One of the most persistent myths in military culture is that men and women differ in capability. Kelsee reframes the issue entirely.
“They have the same capabilities to complete the job,” she explains. “Women just need training that leverages their physiological and psychological biases so they become more efficient.”
Her analogy is deliberately tactical. Two weapons may fire the same round, but the one with the larger magazine sustains output longer under stress.
Efficiency in training means building usable strength, strength that holds up under load, fatigue, and repetition. It means developing durability without excess wear and power without unnecessary breakdown. That kind of efficiency is not accidental. It is the product of precision programming and environments that allow athletes to progress intelligently over time.
“You can also look at it this way,” she adds, “Women have more type one muscle fibers, they have denser mitochondria which are essential given that all military jobs have running involved in them.” Why is that important to note here? It’s an example of how important it is to stay efficient and focused when it comes to training.

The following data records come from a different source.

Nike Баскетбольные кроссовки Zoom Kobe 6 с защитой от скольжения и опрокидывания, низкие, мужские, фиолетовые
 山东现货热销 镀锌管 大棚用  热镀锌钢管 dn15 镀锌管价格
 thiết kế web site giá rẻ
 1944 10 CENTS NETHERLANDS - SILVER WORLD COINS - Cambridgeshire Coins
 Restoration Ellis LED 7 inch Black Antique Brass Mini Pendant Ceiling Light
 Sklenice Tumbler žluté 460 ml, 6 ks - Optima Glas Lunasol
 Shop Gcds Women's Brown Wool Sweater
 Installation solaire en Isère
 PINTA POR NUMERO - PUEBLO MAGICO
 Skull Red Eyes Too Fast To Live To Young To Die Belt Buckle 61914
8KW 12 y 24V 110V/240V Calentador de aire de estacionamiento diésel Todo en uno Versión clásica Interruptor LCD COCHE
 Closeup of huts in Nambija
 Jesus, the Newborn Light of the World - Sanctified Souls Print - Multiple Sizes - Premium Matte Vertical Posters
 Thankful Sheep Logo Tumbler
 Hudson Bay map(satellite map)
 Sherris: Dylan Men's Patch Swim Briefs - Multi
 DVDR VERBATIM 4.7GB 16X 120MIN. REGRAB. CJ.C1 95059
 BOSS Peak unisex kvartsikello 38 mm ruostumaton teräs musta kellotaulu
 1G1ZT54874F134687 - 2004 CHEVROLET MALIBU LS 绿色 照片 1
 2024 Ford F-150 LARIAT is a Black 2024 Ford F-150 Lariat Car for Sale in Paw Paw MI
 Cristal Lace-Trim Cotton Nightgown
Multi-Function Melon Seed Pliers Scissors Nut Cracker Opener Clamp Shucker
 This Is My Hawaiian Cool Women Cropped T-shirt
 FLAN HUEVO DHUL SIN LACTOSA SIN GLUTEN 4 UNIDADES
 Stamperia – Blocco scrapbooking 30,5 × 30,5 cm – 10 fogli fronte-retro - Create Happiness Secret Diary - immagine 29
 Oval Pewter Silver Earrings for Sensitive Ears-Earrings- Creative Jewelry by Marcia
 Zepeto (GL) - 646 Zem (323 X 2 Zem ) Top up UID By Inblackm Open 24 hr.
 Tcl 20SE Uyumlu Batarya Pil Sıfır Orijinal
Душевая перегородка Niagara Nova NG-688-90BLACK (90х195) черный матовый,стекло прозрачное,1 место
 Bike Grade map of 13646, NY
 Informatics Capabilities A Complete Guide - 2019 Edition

“When a woman has power and strength in the lower body, she can also run really well.’ She states. “By developing the training process to match her capabilities, it will play into her advantage of having an endurance bias.”
She continues, however, about the importance of temperance. She stresses why the training of women warfighters must protect that advantage, not blunt it:
“If we build too much lower-body hypertrophy and muscular endurance, however, you would be taking an athlete that already has more mass in the lower body… and you would be creating limiting factors relative to her ability to run fast.”
When training systems support efficiency, confidence increases. Movement improves. Injury risk decreases. Service members don’t just meet standards, they sustain them.
Efficiency isn’t accommodation. It’s really force multiplication.